Task to complete:
Below are the entries. Print only the lines starting at the one with "Silicone Freezer Trays" and ending at the one with "Pandapop Spinning Chair", exactly, with no pictures.

Extracted records:
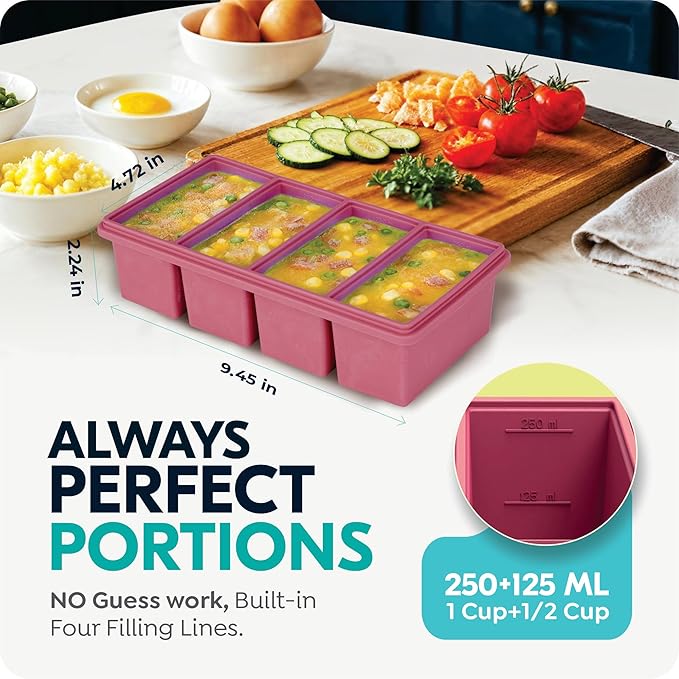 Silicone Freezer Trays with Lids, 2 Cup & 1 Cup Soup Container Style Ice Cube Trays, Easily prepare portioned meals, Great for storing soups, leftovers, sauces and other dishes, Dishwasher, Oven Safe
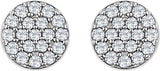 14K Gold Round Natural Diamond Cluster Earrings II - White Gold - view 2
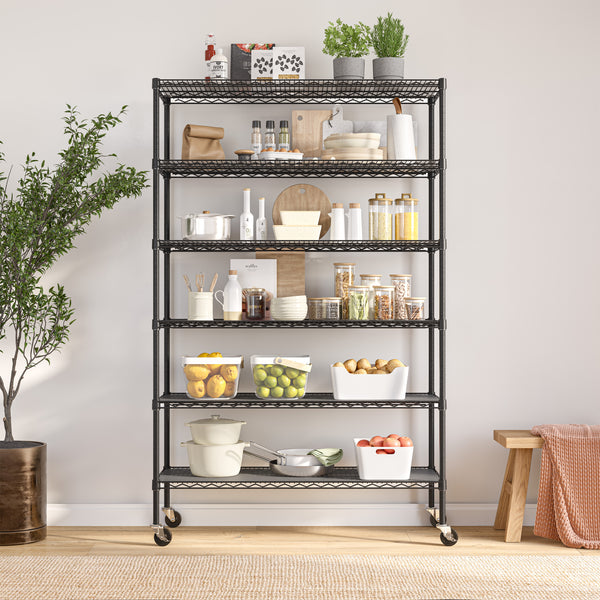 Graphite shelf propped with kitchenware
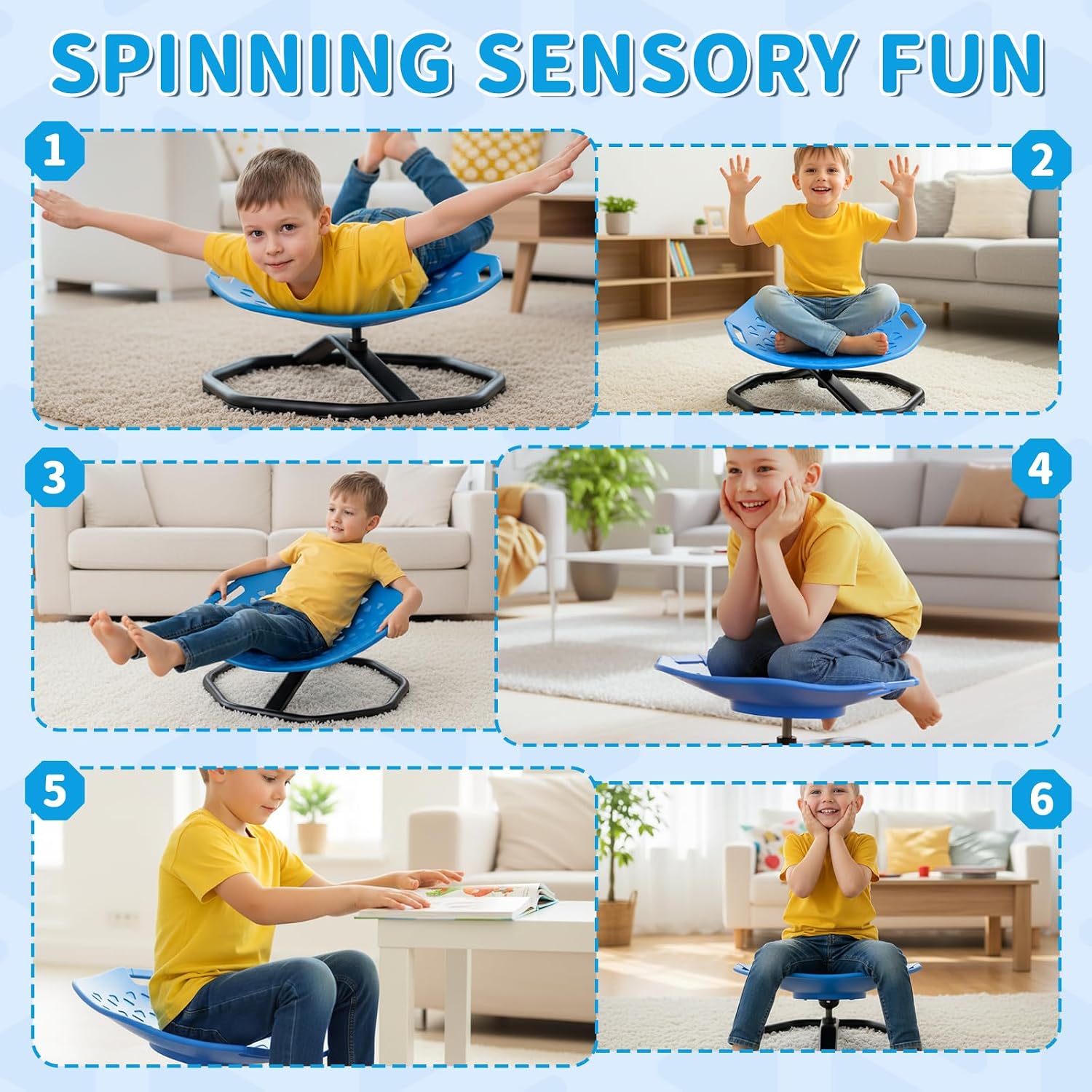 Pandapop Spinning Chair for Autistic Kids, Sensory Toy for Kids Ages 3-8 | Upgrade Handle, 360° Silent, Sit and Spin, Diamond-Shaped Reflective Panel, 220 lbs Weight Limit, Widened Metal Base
* * *
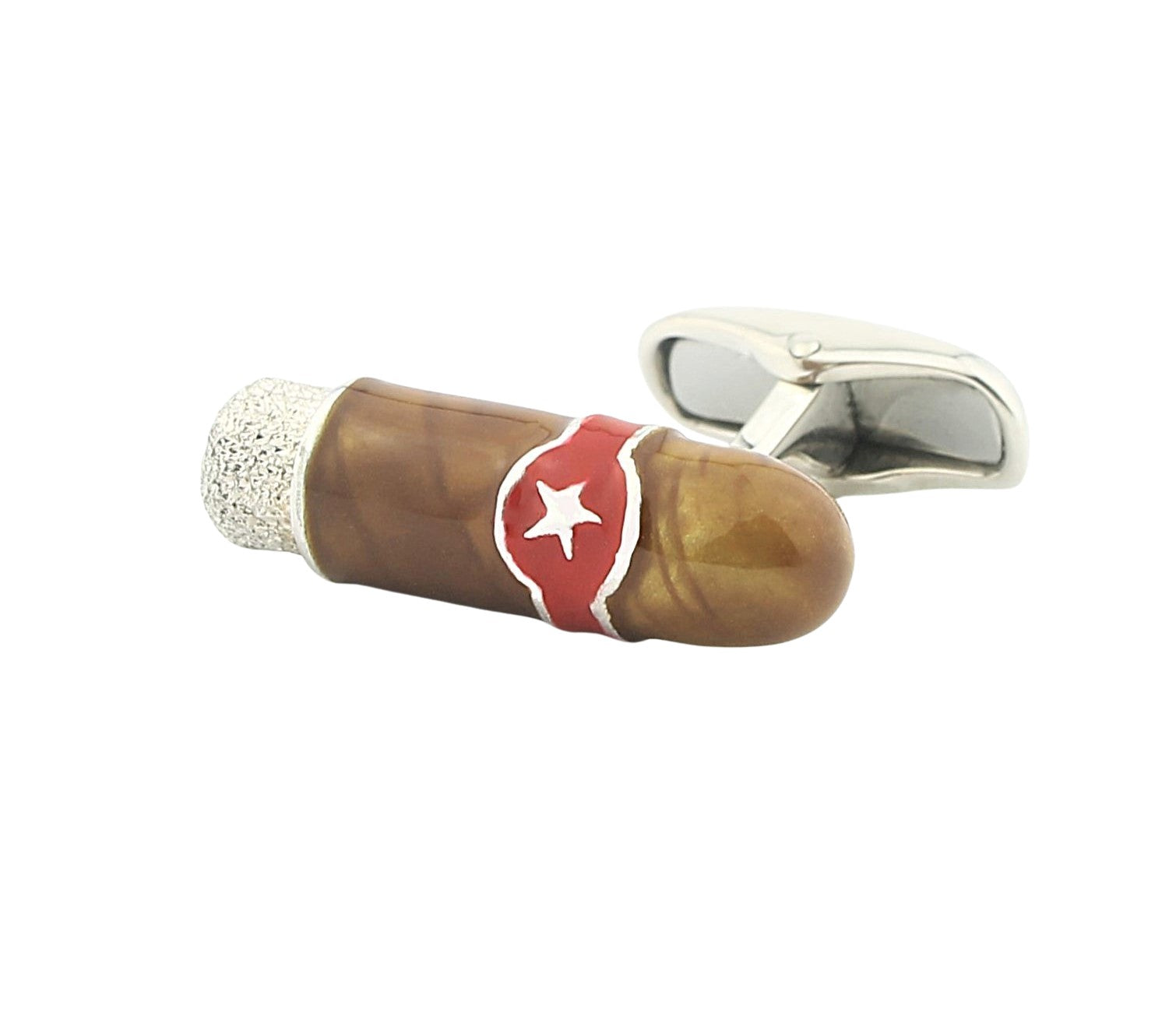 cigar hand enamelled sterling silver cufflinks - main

Exercise output:
 Silicone Freezer Trays with Lids, 2 Cup & 1 Cup Soup Container Style Ice Cube Trays, Easily prepare portioned meals, Great for storing soups, leftovers, sauces and other dishes, Dishwasher, Oven Safe
 14K Gold Round Natural Diamond Cluster Earrings II - White Gold - view 2
 Graphite shelf propped with kitchenware
 Pandapop Spinning Chair for Autistic Kids, Sensory Toy for Kids Ages 3-8 | Upgrade Handle, 360° Silent, Sit and Spin, Diamond-Shaped Reflective Panel, 220 lbs Weight Limit, Widened Metal Base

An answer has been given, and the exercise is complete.